Healthy Food City Symposium

Co-creating urban food solutions for future residents


The progress in agricultural technology and the evolution of the food industry have led to increased abundance and accessibility of food. Nevertheless, they have also introduced fresh challenges, as children in urban settings confront a food crisis marked by the widespread availability, accessibility, and heavy promotion of unhealthy options. This alarming situation is contributing directly to the growing challenge of obesity among children. To address this critical concern and uphold children's right to nutrition, cities are being called upon to take decisive action. City mayors from across the world are getting together through entities such as the Milan Urban Food Policy Pact1 and C40 Cities to unite in actions for better food systems and to combat climate change.

Cities in China too are turning their attention to improving food environments for children in response to the increase in child obesity. Many of these children will go on to live with obesity in adulthood, facing stigma, depression, poor school attainment2, ill health and the prospect of earlier death. Health, social and economic systems are ill equipped to cope with the direct and indirect costs. The impact of overweight and obesity among children threatens the achievement of Sustainable Development Goals.
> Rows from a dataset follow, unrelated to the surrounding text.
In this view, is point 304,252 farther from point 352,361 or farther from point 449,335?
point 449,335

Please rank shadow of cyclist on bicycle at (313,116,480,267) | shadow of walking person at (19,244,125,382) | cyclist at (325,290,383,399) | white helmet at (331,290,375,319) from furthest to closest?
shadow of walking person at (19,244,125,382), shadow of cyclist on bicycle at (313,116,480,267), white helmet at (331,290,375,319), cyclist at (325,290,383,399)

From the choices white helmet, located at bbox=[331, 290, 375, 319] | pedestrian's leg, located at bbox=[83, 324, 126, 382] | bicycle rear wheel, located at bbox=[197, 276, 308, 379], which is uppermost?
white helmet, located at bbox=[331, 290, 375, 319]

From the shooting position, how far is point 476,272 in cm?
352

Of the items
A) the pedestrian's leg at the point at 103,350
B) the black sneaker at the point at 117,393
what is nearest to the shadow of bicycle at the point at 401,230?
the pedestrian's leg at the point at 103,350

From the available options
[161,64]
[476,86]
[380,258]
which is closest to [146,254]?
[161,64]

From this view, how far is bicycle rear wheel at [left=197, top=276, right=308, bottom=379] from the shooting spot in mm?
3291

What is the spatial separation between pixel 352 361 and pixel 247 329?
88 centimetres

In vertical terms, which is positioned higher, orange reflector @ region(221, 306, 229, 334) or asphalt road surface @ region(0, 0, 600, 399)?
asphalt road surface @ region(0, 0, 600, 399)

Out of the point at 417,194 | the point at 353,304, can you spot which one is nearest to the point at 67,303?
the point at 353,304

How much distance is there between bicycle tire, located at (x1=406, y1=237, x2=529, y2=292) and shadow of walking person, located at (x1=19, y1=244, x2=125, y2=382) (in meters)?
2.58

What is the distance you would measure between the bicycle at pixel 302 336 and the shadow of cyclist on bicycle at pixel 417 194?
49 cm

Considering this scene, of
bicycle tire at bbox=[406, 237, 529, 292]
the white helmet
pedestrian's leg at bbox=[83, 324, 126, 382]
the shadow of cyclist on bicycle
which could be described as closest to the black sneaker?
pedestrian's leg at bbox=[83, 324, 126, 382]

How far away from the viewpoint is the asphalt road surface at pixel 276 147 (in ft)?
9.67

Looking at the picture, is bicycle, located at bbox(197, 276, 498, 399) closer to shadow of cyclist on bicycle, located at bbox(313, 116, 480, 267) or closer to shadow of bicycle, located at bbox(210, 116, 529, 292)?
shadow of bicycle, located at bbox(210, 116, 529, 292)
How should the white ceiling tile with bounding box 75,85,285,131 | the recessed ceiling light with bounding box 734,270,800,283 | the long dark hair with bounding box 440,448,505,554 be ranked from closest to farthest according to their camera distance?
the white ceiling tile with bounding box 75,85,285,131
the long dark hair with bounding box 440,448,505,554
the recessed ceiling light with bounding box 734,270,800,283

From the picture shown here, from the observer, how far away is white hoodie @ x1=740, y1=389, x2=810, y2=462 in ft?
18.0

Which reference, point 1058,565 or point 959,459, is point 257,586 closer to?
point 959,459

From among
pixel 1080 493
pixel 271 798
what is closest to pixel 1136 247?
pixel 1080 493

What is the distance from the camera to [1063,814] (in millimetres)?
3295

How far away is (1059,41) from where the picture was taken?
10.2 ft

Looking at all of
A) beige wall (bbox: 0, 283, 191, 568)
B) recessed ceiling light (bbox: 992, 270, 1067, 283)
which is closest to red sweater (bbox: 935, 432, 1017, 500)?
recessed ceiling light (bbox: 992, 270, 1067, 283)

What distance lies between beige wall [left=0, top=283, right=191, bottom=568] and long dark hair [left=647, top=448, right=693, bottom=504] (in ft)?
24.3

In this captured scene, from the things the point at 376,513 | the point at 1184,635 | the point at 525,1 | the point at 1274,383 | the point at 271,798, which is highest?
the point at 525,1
The causes of the rapid rise in childhood obesity are complex, and the global consensus has shifted from an emphasis on individual level factors to an increasing recognition of the impact of
food environments. UNICEF’s State of the World’s Children Report 20193 highlights the challenges faced by children in urban settings, where the consumption of unhealthy, ultra-processed foods has become increasingly common and outdoor spaces to play are limited. The need to transform the food environment by bringing in robust policies nationwide and in cities is clear and urgent.

China has been extremely successful in reducing levels of child undernutrition (stunting and wasting) over the last 20 years. It is now demonstrating global leadership in addressing the challenge of child overweight and obesity. Cities, such as Chengdu and Shenzhen, are already taking action through urban planning and governance measures. They are generating and inspiring changes that will make healthy and sustainable eating a reality for all children. The Chengdu Healthy Food City Symposium builds on these foundations.

2 UNICEF (2020). Nutrition, for Every Child: UNICEF Nutrition Strategy 2020–2030. UNICEF. New York.
3 UNICEF (2019). The State of the World’s Children 2019. Children, Food and Nutrition: Growing well in a changing world. UNICEF. New York.